### [TASK TO CARRY OUT]
From the records below, please print only the lines from the one containing "Shintenchi Bathroom Wall" through the one containing "Rojo Nuevo 2025", both included. Skip the pictures.

### [INFORMATION]
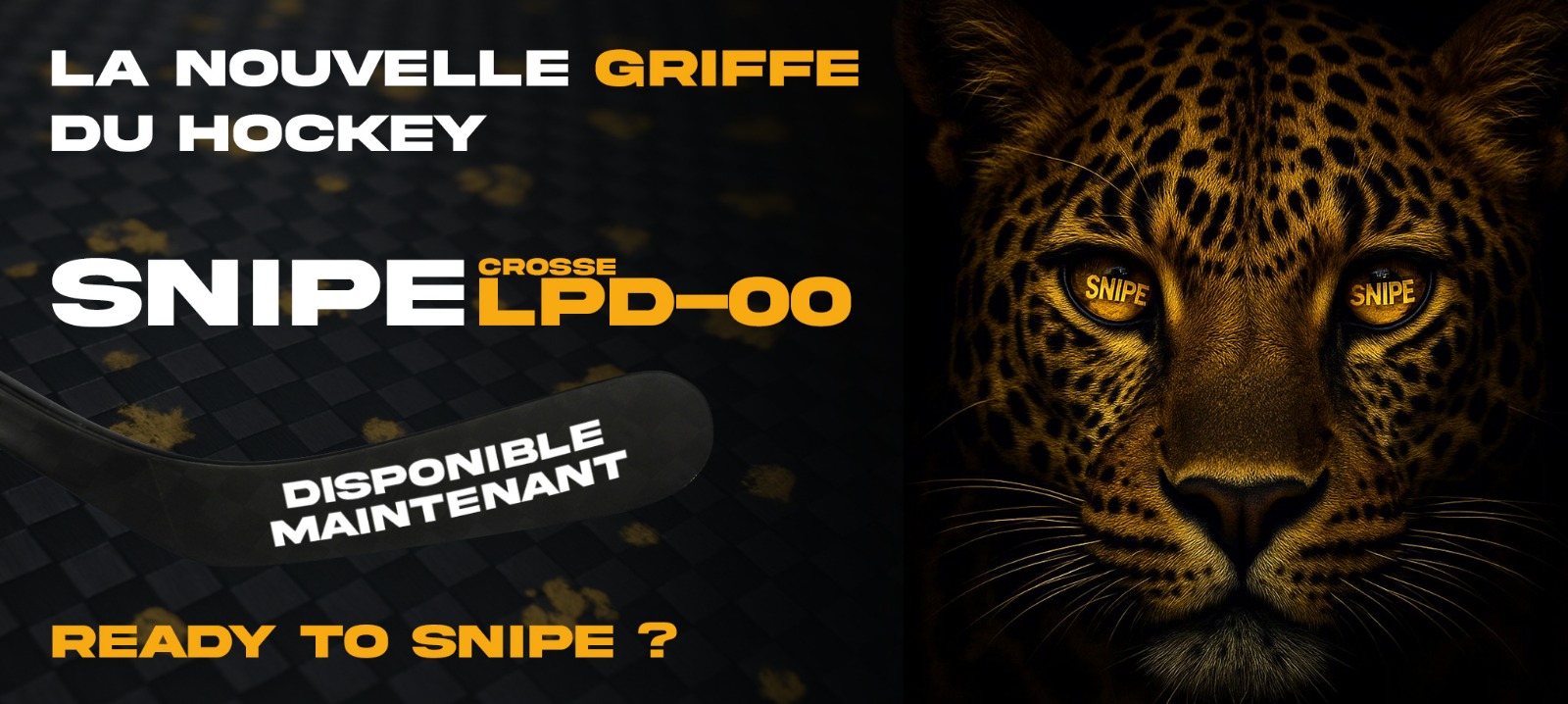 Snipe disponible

---

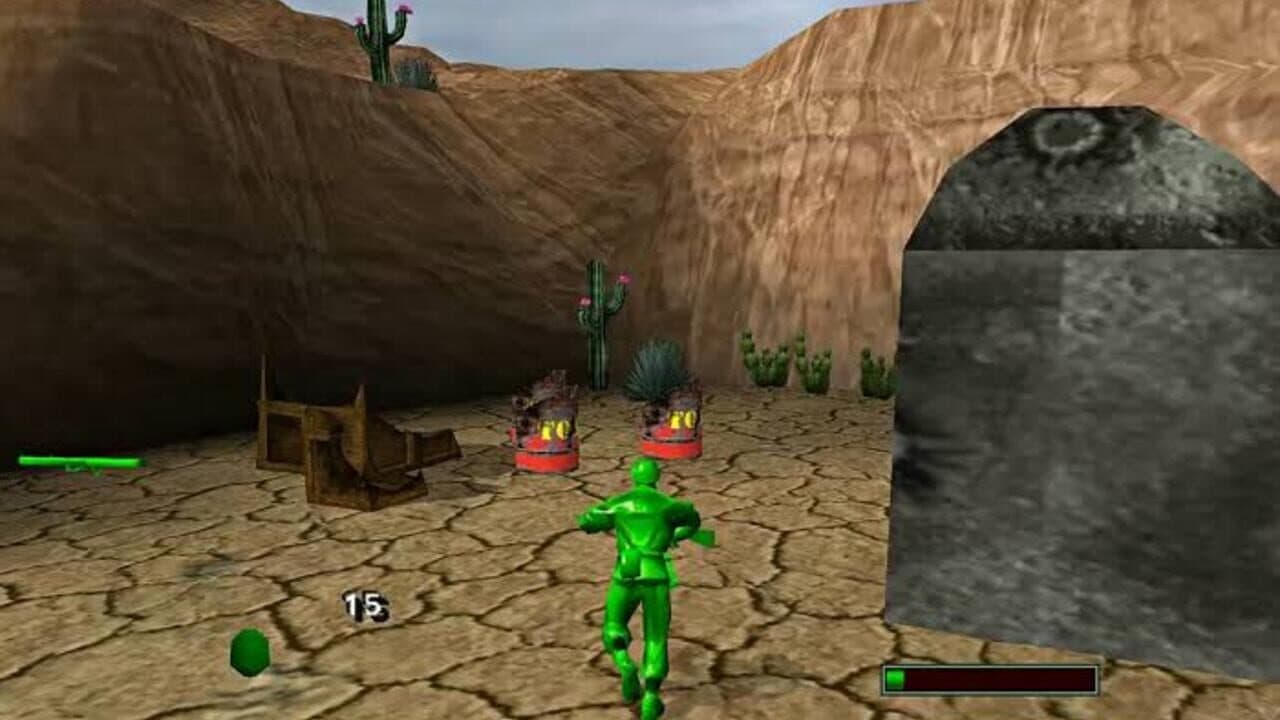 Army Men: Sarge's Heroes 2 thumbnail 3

...

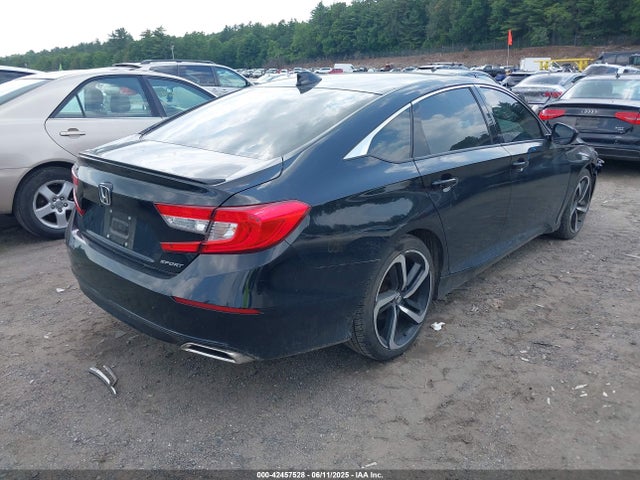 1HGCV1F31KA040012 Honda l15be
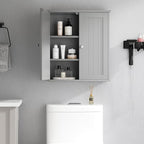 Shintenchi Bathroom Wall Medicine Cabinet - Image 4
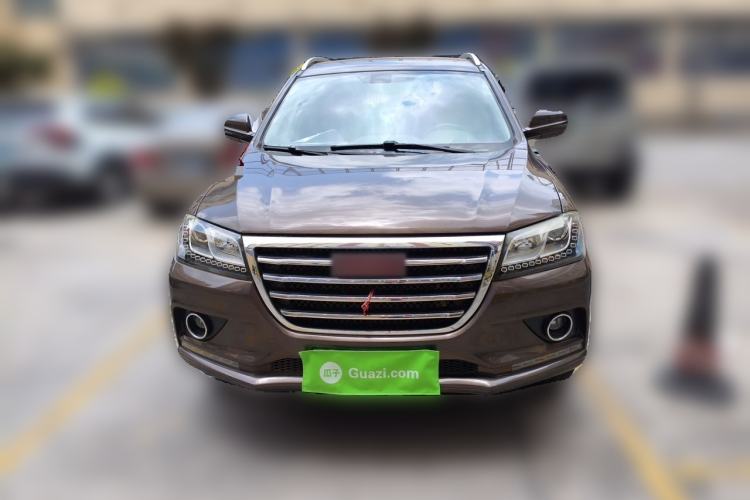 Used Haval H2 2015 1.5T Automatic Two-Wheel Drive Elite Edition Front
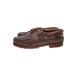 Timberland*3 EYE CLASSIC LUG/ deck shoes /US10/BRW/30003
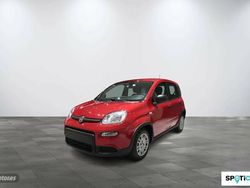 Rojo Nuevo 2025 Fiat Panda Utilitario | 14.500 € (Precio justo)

### [SOLUTION FOR THIS PROBLEM]
 Shintenchi Bathroom Wall Medicine Cabinet - Image 4
 Used Haval H2 2015 1.5T Automatic Two-Wheel Drive Elite Edition Front
 Timberland*3 EYE CLASSIC LUG/ deck shoes /US10/BRW/30003
 Rojo Nuevo 2025 Fiat Panda Utilitario | 14.500 € (Precio justo)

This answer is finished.